USGS-R / regional-hydrologic-forcings-ml

Repo for machine learning models for regional prediction of hydrologic forcing functions. Includes probabilistic seasonal high flow regions for CONUS, and prediction of high flow metrics for selected regions.
Creative Commons Zero v1.0 Universal
0 stars 4 forks source link

Automatic correlation + misc. fixes #156

Closed jds485 closed 1 year ago

jds485 commented 1 year ago

Adds automatic screening of highly correlated features based on a supplied correlation threshold. I implemented rank correlation with a 0.9 threshold. This is the major edit for this PR within select_features.R. With this screening, the features are only CAT and ACC, and the total number of features available for prediction is 169.

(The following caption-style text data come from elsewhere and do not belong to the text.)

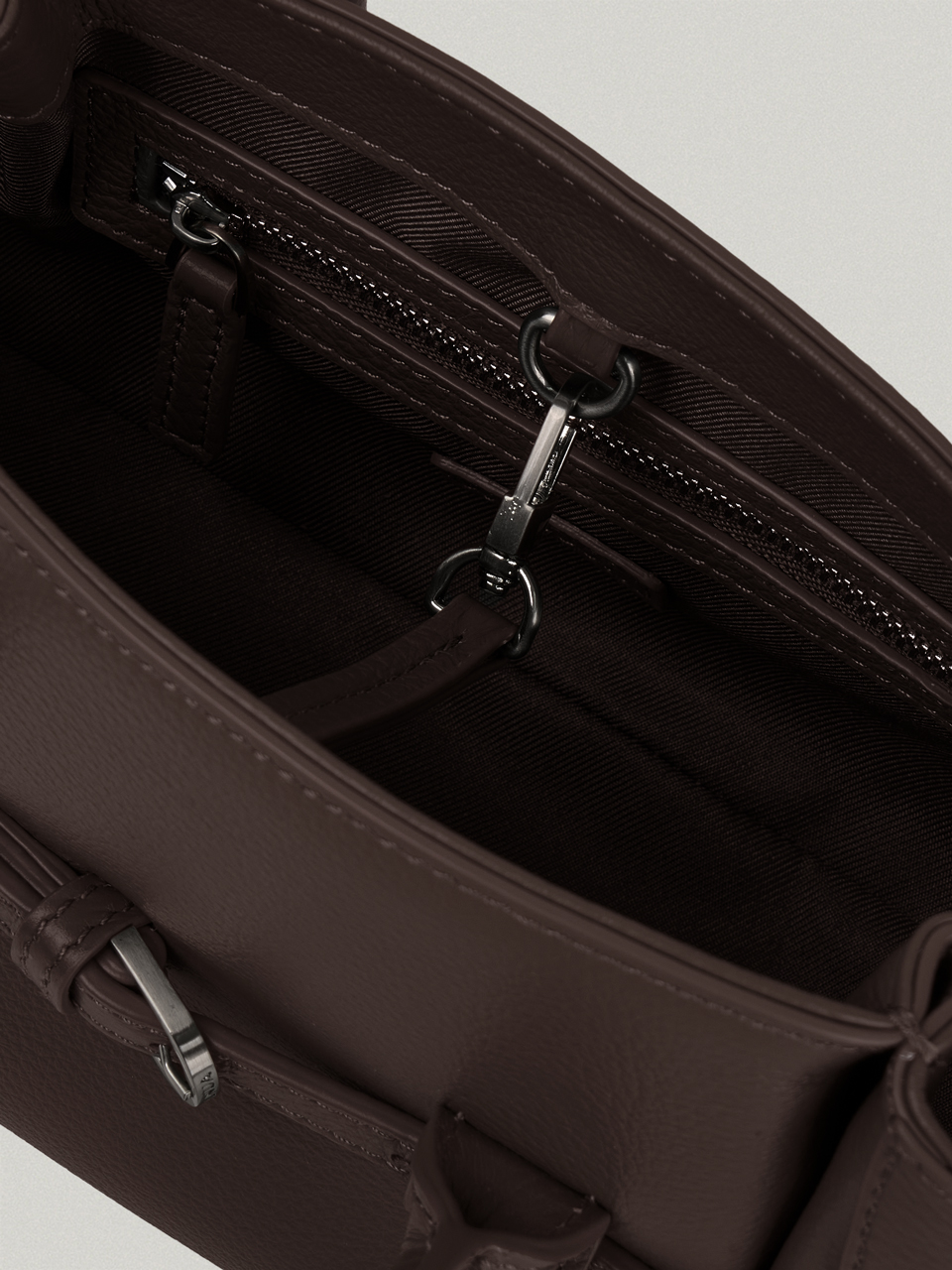 MINI HAVI BAG (BROWN)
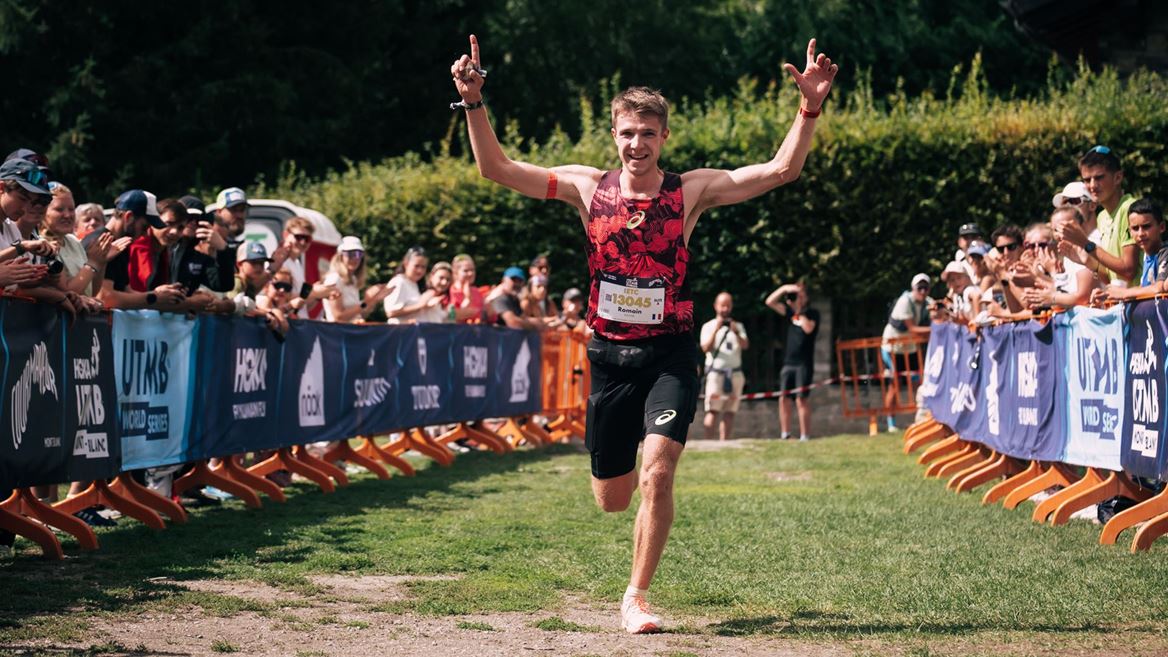 albindurand albin ASICS UTMB26 DAY01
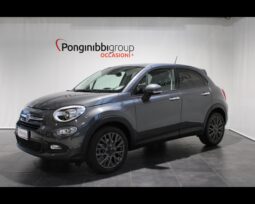 FIAT – 500X 1.6 mjt Lounge 4×2 120cv dct my18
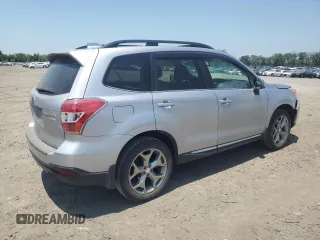 2016 Subaru Forester Touring с VIN JF2SJAXC2GH527529, выставлен на аукционе Copart как лот 62141375 с пробегом 73 255 миль миль и Списание • Salvage title. История ставок и продаж доступна на DreamBid. Изображение 3.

Question: I implemented preferential dropping of TOT attributes when there was an ACC attribute that was highly correlated with it. Do we have a similar preference for retaining ACC vs. CAT attributes? That preference can also be added to the automatic screening. Closes: #116

Edits one file target to return filepaths instead of the output directory. I checked all file targets for this issue and only one needed to be edited. Closes #146

Adds absolute value to correlation screening. Closes #132

I updated all targets except p6 (predict) because those take a while and I think there will be upcoming edits that also affect those prediction targets.